- [HOW TO COMPLETE THIS TASK] In the records below, find the line with "Gatu Premium Atico" and repeat exactly every line from it through the line with "Schwarz Gebraucht 2012". Pictures stay out.

- [RECORD EXCERPTS]
-*-*-
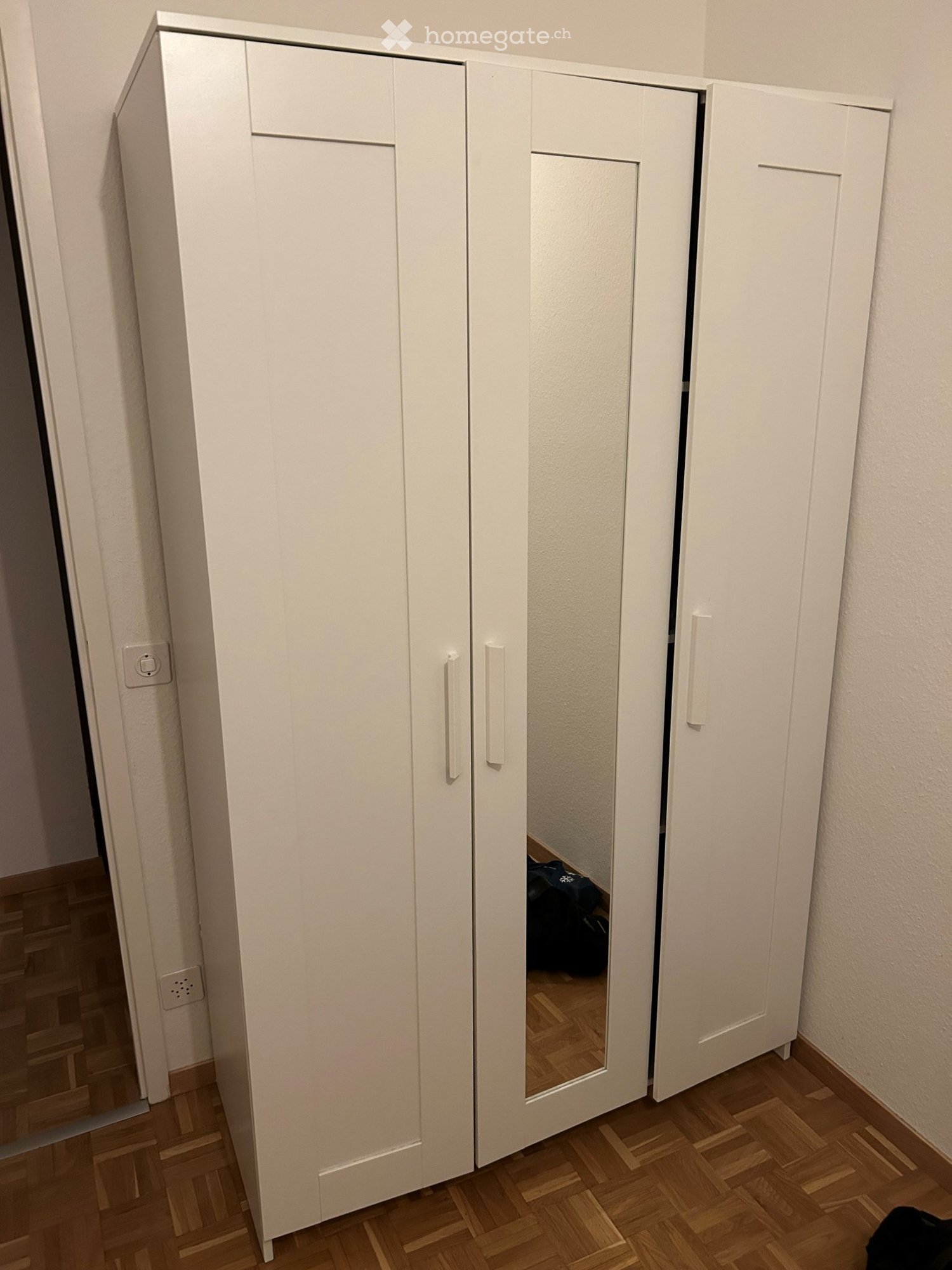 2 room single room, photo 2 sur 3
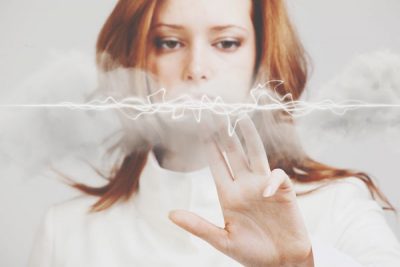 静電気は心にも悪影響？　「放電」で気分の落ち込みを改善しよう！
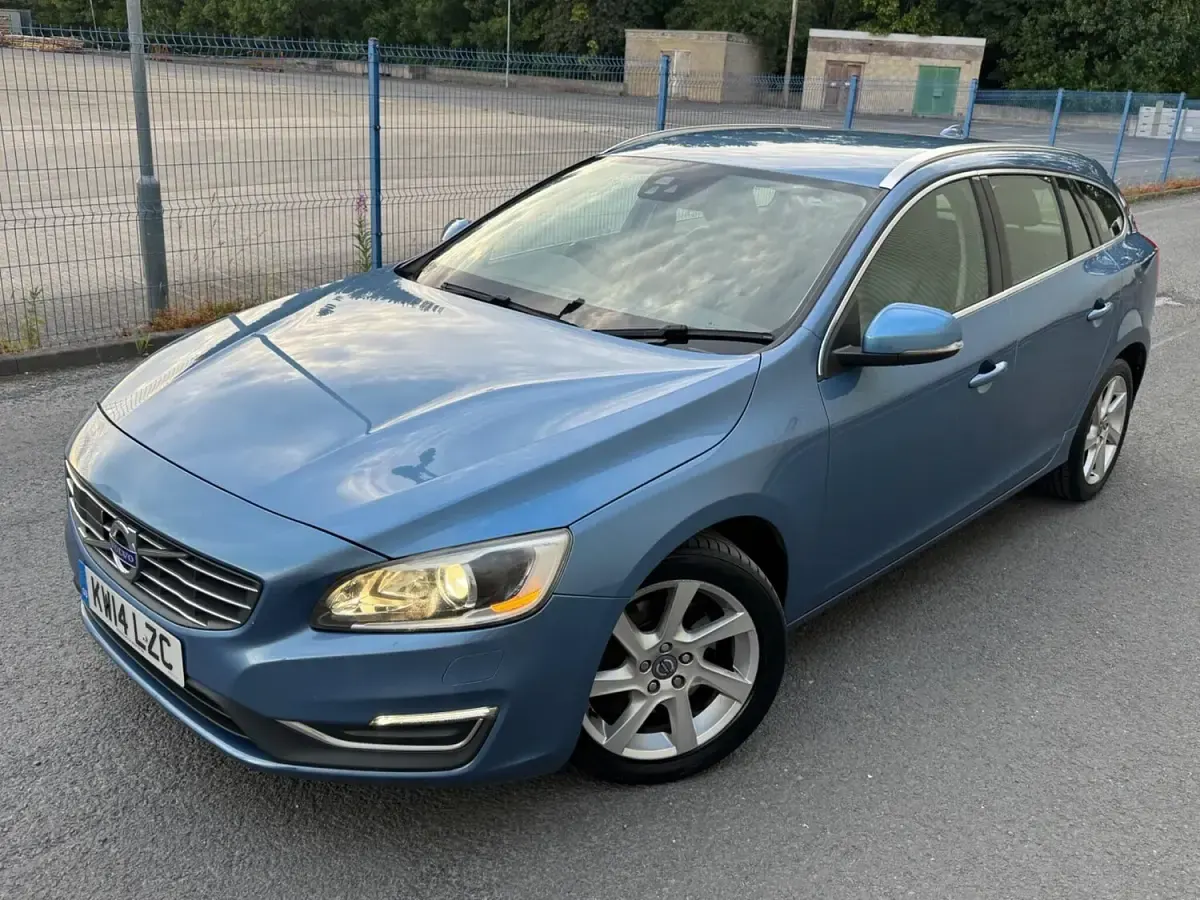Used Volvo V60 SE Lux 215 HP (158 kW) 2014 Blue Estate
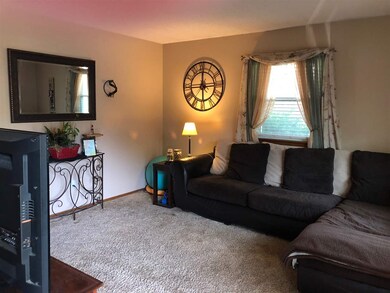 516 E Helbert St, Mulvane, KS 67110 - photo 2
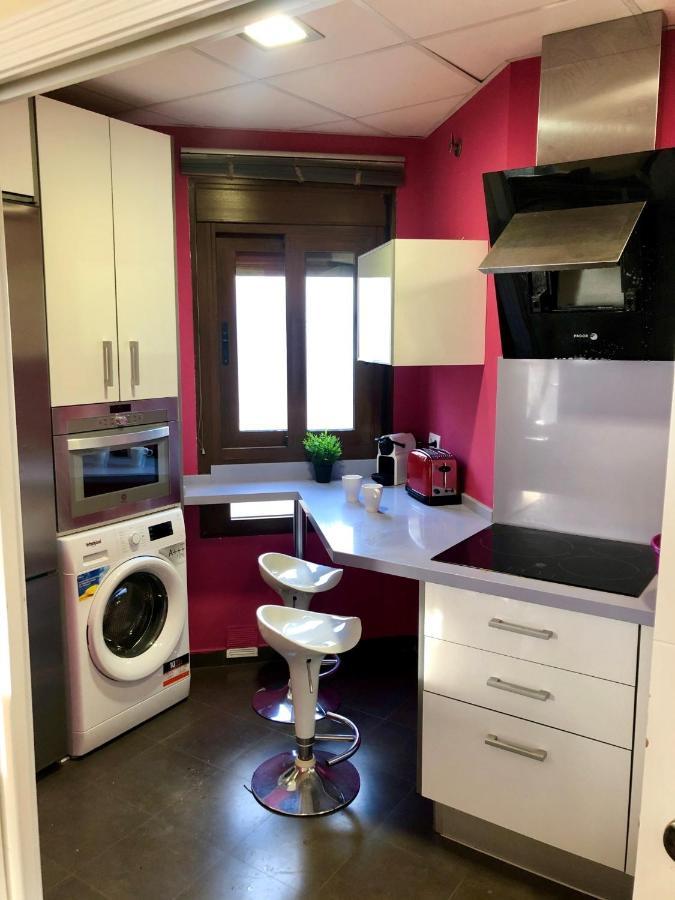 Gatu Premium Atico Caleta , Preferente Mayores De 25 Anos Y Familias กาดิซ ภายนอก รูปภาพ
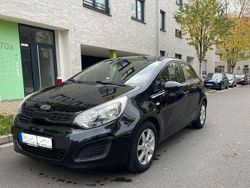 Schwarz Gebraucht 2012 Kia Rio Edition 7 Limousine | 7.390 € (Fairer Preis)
-*-*-
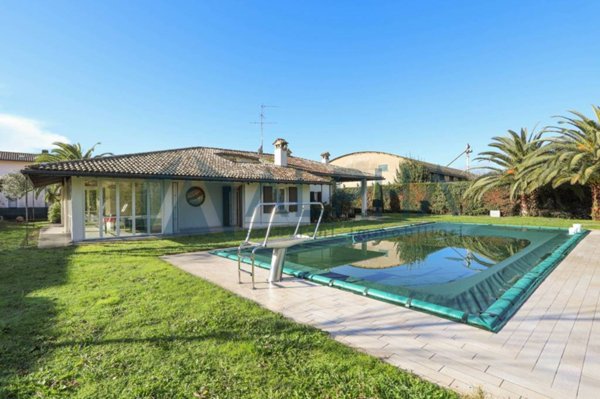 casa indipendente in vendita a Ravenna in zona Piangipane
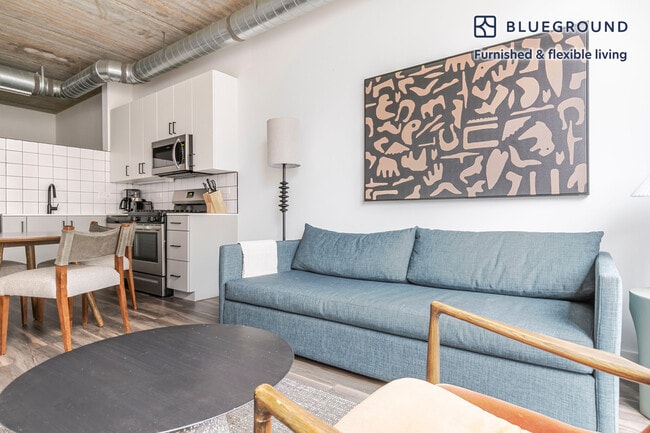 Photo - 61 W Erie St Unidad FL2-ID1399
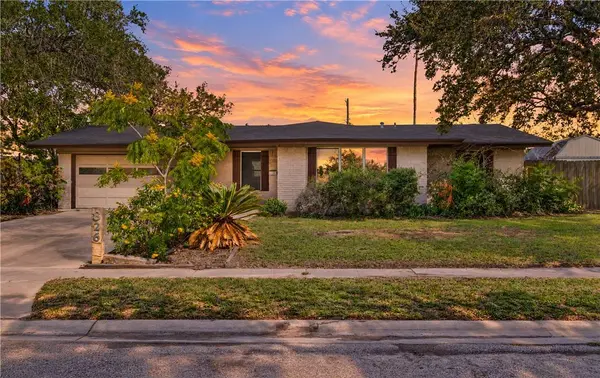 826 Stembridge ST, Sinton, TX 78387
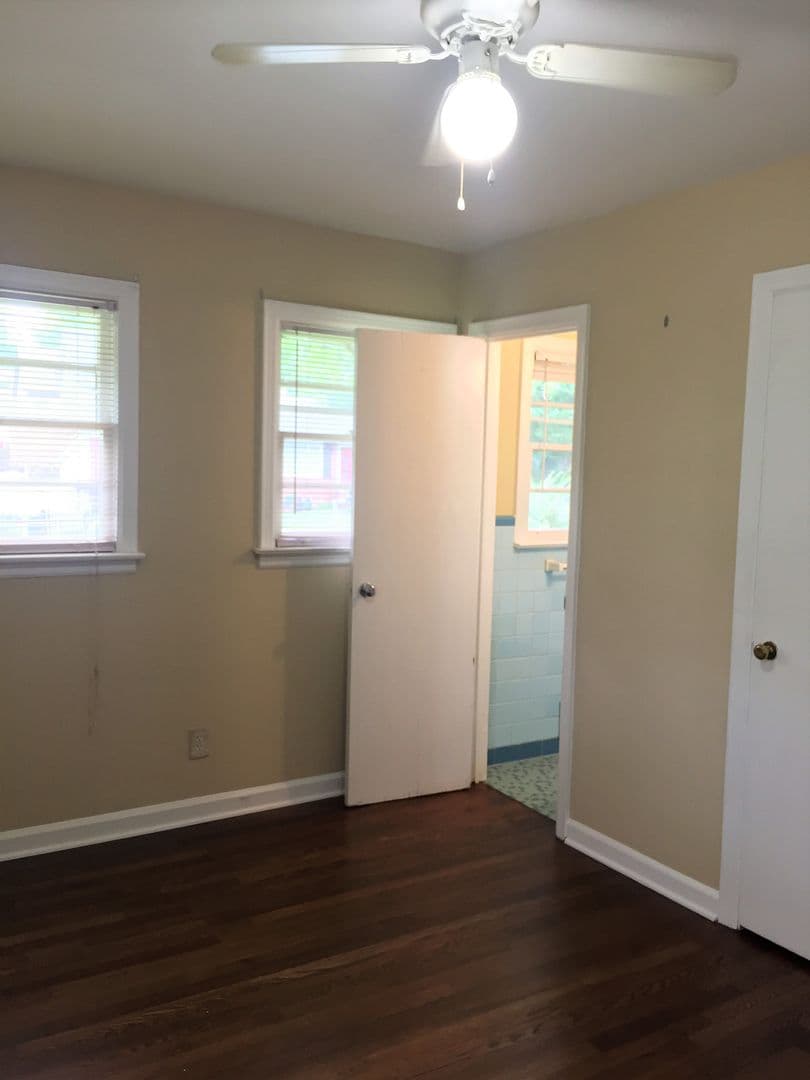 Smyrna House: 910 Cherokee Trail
-*-*-
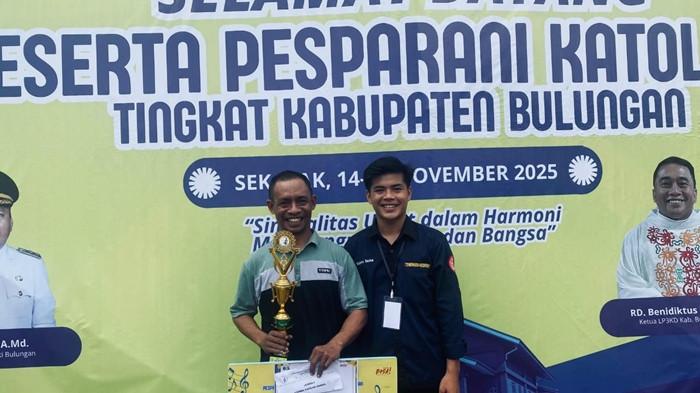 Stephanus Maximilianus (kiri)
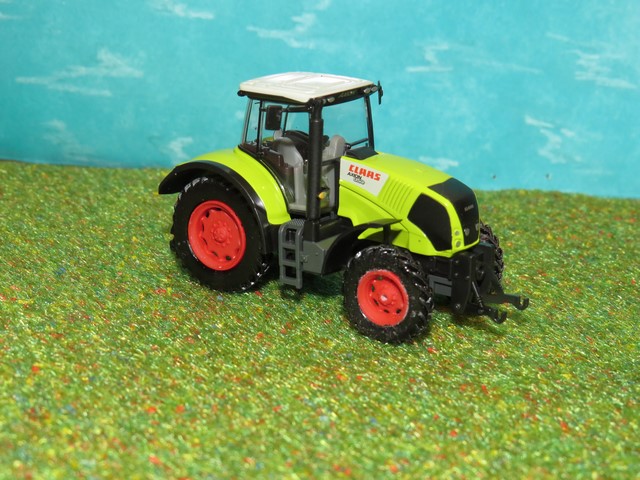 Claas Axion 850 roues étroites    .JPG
-*-*-
- [ANSWER TO THIS PROBLEM]
 Gatu Premium Atico Caleta , Preferente Mayores De 25 Anos Y Familias กาดิซ ภายนอก รูปภาพ
 Schwarz Gebraucht 2012 Kia Rio Edition 7 Limousine | 7.390 € (Fairer Preis)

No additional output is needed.